[Opening EXERCISE DATA section]
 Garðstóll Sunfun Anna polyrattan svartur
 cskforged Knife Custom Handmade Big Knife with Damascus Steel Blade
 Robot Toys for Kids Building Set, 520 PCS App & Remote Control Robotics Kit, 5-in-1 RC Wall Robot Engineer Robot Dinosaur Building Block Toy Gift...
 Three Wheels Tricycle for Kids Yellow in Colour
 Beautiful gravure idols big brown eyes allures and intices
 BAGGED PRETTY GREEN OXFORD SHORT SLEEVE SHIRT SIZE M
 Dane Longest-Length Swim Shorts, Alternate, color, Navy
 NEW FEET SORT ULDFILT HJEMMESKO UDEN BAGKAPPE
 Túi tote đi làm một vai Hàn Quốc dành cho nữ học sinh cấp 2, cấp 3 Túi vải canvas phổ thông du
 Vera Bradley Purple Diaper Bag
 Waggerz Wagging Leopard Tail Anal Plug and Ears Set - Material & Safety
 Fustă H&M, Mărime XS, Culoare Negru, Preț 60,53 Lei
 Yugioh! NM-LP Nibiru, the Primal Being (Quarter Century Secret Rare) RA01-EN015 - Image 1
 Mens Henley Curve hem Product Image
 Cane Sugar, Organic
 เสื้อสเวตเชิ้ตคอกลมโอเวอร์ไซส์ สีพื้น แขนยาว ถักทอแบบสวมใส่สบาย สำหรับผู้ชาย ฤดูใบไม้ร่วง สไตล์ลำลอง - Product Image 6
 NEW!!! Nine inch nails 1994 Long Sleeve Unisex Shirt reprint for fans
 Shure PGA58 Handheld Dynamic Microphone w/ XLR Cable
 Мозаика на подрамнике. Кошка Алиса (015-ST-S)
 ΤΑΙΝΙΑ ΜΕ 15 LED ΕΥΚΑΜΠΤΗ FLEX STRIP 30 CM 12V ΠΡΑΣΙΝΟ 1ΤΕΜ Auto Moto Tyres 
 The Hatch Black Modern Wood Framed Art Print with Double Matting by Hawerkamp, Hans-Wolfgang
[Closing EXERCISE DATA section]
= THE TASK =
Repeat every record, keeping each line exactly as it is.

= OUTPUT FOR THIS TASK =
 Garðstóll Sunfun Anna polyrattan svartur
 cskforged Knife Custom Handmade Big Knife with Damascus Steel Blade
 Robot Toys for Kids Building Set, 520 PCS App & Remote Control Robotics Kit, 5-in-1 RC Wall Robot Engineer Robot Dinosaur Building Block Toy Gift...
 Three Wheels Tricycle for Kids Yellow in Colour
 Beautiful gravure idols big brown eyes allures and intices
 BAGGED PRETTY GREEN OXFORD SHORT SLEEVE SHIRT SIZE M
 Dane Longest-Length Swim Shorts, Alternate, color, Navy
 NEW FEET SORT ULDFILT HJEMMESKO UDEN BAGKAPPE
 Túi tote đi làm một vai Hàn Quốc dành cho nữ học sinh cấp 2, cấp 3 Túi vải canvas phổ thông du
 Vera Bradley Purple Diaper Bag
 Waggerz Wagging Leopard Tail Anal Plug and Ears Set - Material & Safety
 Fustă H&M, Mărime XS, Culoare Negru, Preț 60,53 Lei
 Yugioh! NM-LP Nibiru, the Primal Being (Quarter Century Secret Rare) RA01-EN015 - Image 1
 Mens Henley Curve hem Product Image
 Cane Sugar, Organic
 เสื้อสเวตเชิ้ตคอกลมโอเวอร์ไซส์ สีพื้น แขนยาว ถักทอแบบสวมใส่สบาย สำหรับผู้ชาย ฤดูใบไม้ร่วง สไตล์ลำลอง - Product Image 6
 NEW!!! Nine inch nails 1994 Long Sleeve Unisex Shirt reprint for fans
 Shure PGA58 Handheld Dynamic Microphone w/ XLR Cable
 Мозаика на подрамнике. Кошка Алиса (015-ST-S)
 ΤΑΙΝΙΑ ΜΕ 15 LED ΕΥΚΑΜΠΤΗ FLEX STRIP 30 CM 12V ΠΡΑΣΙΝΟ 1ΤΕΜ Auto Moto Tyres 
 The Hatch Black Modern Wood Framed Art Print with Double Matting by Hawerkamp, Hans-Wolfgang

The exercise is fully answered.